And it can be difficult to want to correct people’s glaring social missteps, especially when it seems you have been doing it repeatedly in a relatively short amount of time. It’s already hard enough to stop people from interrupting your focus while you’re hard at work. But there are some more subtle approaches to take if you are intent on changing mindsets. For example, some people will continue to talk – at the same level they already had been – as if they were never interrupted. This drives home the fact that they are committed to their message, and that no distractions are going to keep them from the task at hand. Often, if this doesn’t work, the next step is to continue speaking, but choose to raise the volume of your voice every time someone disrespects that space again. This is a more aggressive pushback but can be highly effective.
Another more assertive and professional way to approach being interrupted is by simply saying, “Excuse me, but I was speaking.” This (rightfully) puts the ball in the interrupting party’s court to learn a lesson and change their behavior. Accountability at its finest.
3. Taking extensive notes
Next time you’re in a board meeting, pitch meeting, onboarding, or brainstorming session — face-to-face or otherwise — look around at the people in the room. Are the upper-level executives worried about taking notes? Are the other men in the room scribbling furiously into their notebooks or typing up a storm on their computers? Unless it is your job within the company to take notes (as an assistant, secretary, or another administrative job), it is important to remember to be selective about the notes you take in your meeting, if any at all.
In the best scenarios, powerful people have the space to give the presenter their full attention, because they know that body language plays a key role in the success of the venture at hand. Some of the most successful women are active listeners. Coming to the meeting with limited distractions and the ability to look your presenter in the eye can be very reassuring to them that a viable connection is being made, and that their colleagues have heard and understood them.

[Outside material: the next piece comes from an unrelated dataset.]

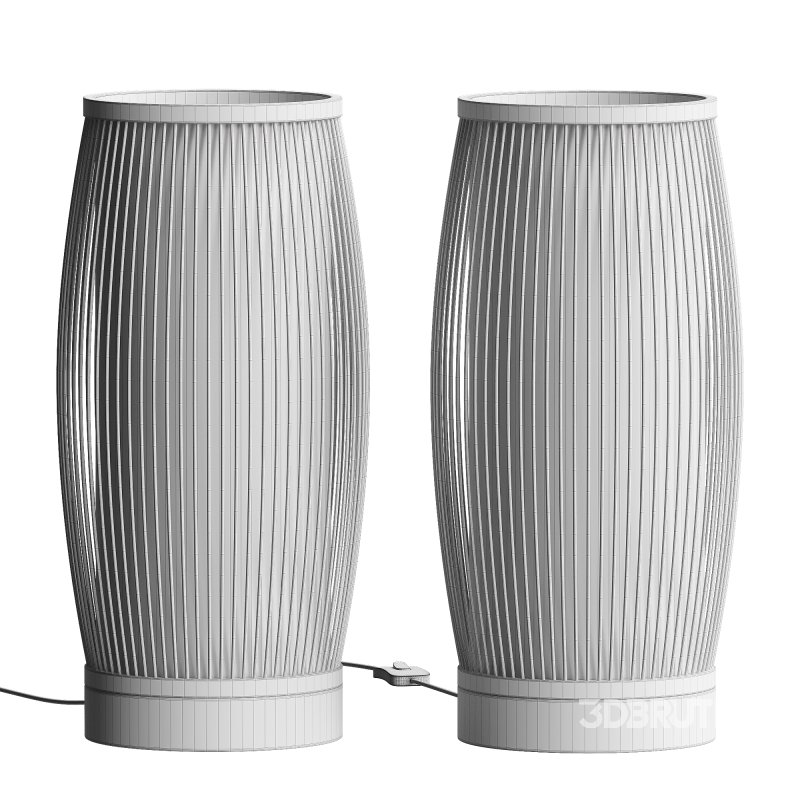 Traditional Japanese Cylinder Table Lamp Image 4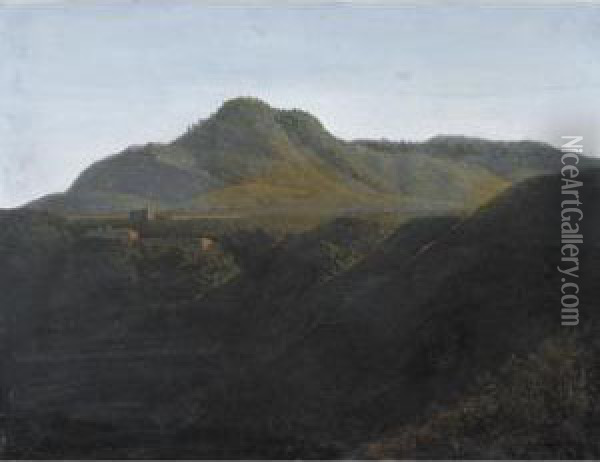 View Of Monte Cavo, Near Albano Oil Painting - Jean-Joseph-Xavier Bidauld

Let the person designated to take meeting notes send you a copy of the minutes after it is over.
Plus, if you have extensive notes on a meeting — including information about parts of the sales funnel, campaign, or client call that don’t pertain to you — then you may be more likely to keep tabs on the success of your coworkers. (Micromanaging is pretty easy to do when you have access to all of the details, even if it’s not something you are naturally inclined to do.)